● **What to do**
The answer must be only the lines below from the one holding "Rangemaster Baltimore Compact" down to the one holding "Satellite images reveal", ends included, printed exactly; please omit all pictures.

● **Supplied data**

**********

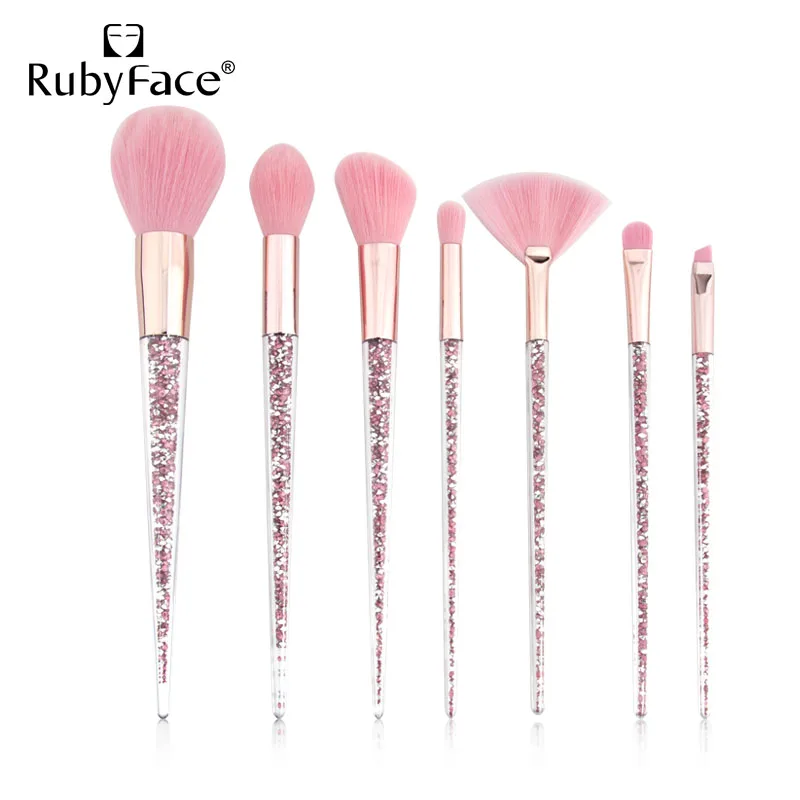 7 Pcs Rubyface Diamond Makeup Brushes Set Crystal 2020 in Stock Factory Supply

**********

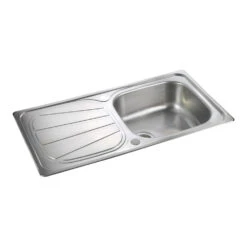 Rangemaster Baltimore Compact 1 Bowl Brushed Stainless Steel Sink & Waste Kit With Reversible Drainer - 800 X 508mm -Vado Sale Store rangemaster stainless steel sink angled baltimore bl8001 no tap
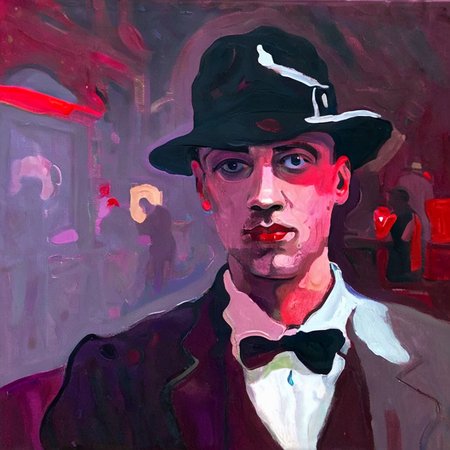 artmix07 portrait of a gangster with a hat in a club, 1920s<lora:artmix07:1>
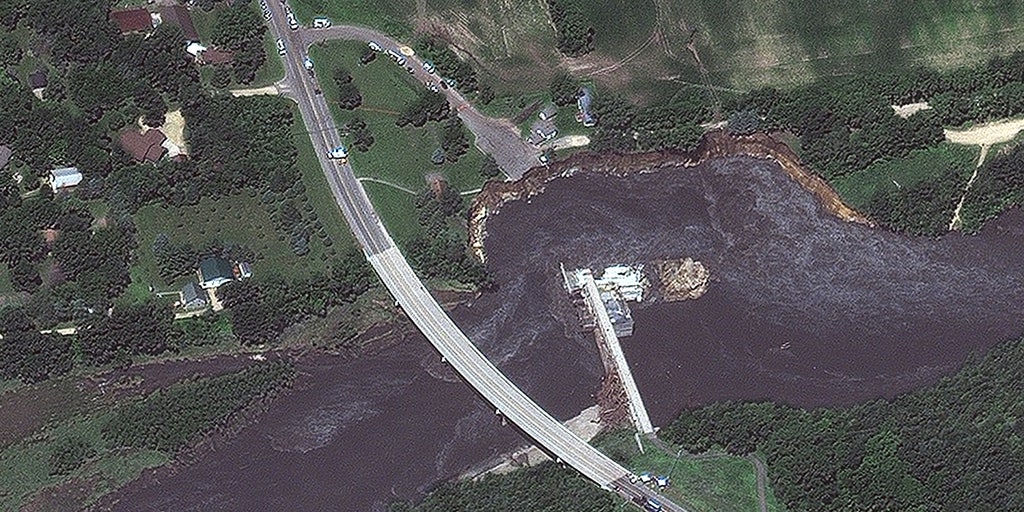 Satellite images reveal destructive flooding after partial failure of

**********

● **Answer box**
 Rangemaster Baltimore Compact 1 Bowl Brushed Stainless Steel Sink & Waste Kit With Reversible Drainer - 800 X 508mm -Vado Sale Store rangemaster stainless steel sink angled baltimore bl8001 no tap
 artmix07 portrait of a gangster with a hat in a club, 1920s<lora:artmix07:1>
 Satellite images reveal destructive flooding after partial failure of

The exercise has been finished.